- The paper presents MASC-Pose, which integrates adaptive multi-scale temporal modeling with skeleton-constrained spatial graphs to improve accuracy and reduce computational cost.
- It leverages an AMTM module for capturing variable temporal dependencies and a SAGCN for joint-specific spatial message passing, enhancing model adaptivity.
- Experimental results on benchmarks like Human3.6M and MPI-INF-3DHP demonstrate superior performance in MPJPE and efficiency compared to prior methods.
Motion-Adaptive Multi-Scale Temporal Modelling with Skeleton-Constrained Spatial Graphs for Efficient 3D Human Pose Estimation
Introduction
This work introduces MASC-Pose, an efficient framework for 3D human pose estimation from monocular 2D pose sequences, combining adaptive multi-scale temporal modeling with skeleton-constrained spatial graphs. The method directly addresses key limitations of prior Transformer-based and graph-based approaches in spatial and temporal dependency modeling—specifically, the inefficiency and lack of adaptability in handling diverse and heterogeneous motion dynamics across both long- and short-term temporal contexts, as well as the limited flexibility in modeling joint-specific spatial interactions. The hybrid architecture leverages an Adaptive Multi-scale Temporal Modelling (AMTM) module to capture variable temporal dependencies and a Skeleton-constrained Adaptive GCN (SAGCN) to enable joint-specific spatial message passing.
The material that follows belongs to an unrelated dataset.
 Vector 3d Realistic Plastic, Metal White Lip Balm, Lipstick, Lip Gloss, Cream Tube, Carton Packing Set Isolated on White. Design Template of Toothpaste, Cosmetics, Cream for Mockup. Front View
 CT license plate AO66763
Previous methods for 3D human pose estimation, such as PoseFormer, MixSTE, and TCPFormer, have primarily used full-sequence or fixed-scale temporal attention, often employing dense Transformer-based architectures with limited inductive bias and high computational complexity. Meanwhile, graph-based methods utilizing skeletal priors have shown improvements in spatial structure modeling but typically rely on fixed aggregation schemes that do not optimally balance self-information and neighboring features for all joints.
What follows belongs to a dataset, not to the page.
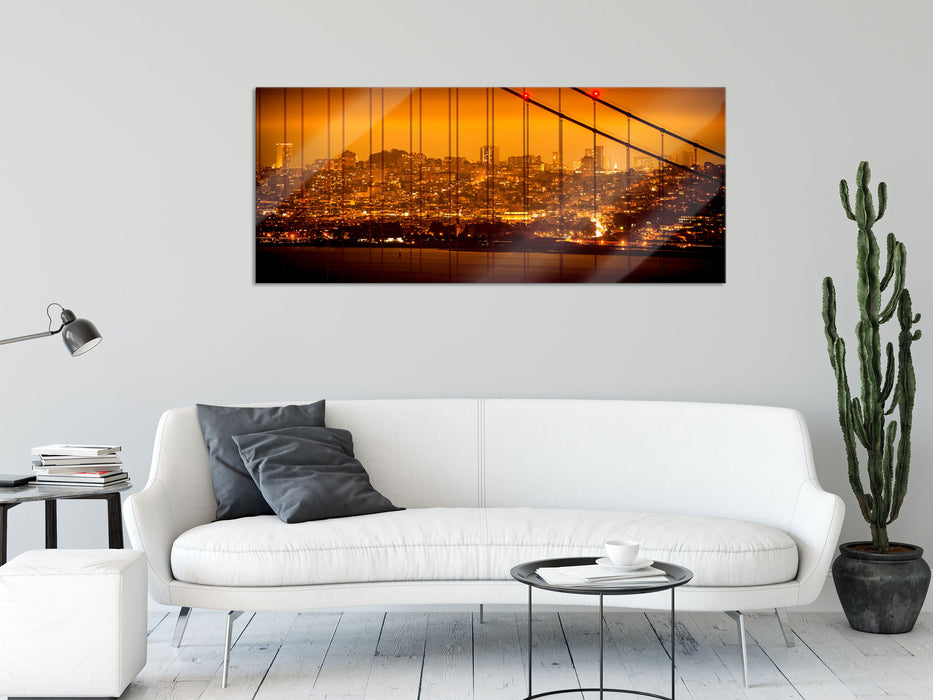 San Francisco Skyline, Glasbild Panorama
The central insight motivating MASC-Pose is that human motions possess inherently multi-scale and heterogeneous characteristics: actions like walking and running require long-term context for periodicity, whereas hand gestures and transitions demand short, fine-grained modeling. Similarly, different joints demonstrate variegated spatial relationships depending on the action and pose.
Figure 1: Comparison of temporal dependency modeling strategies and efficiency–accuracy trade-offs, with the proposed multi-scale method (c) providing improved accuracy at reduced computational cost.
Methodology
Skeleton-Constrained Adaptive GCN (SAGCN)
SAGCN constitutes the backbone for spatial feature encoding. This component replaces uniform aggregation by decoupling self-feature transformation and neighbor aggregation via skeleton-derived adjacency, enabling adaptivity in the propagation of information for each joint:
Adaptive Multi-scale Temporal Modelling (AMTM)
AMTM addresses temporal modeling via the following mechanisms:
- Multi-scale Temporal Windows: Three temporal branches process short (9 frames), medium (27 frames), and long (81 frames) temporal windows in parallel, capturing both rapid transitions and long-range dependencies.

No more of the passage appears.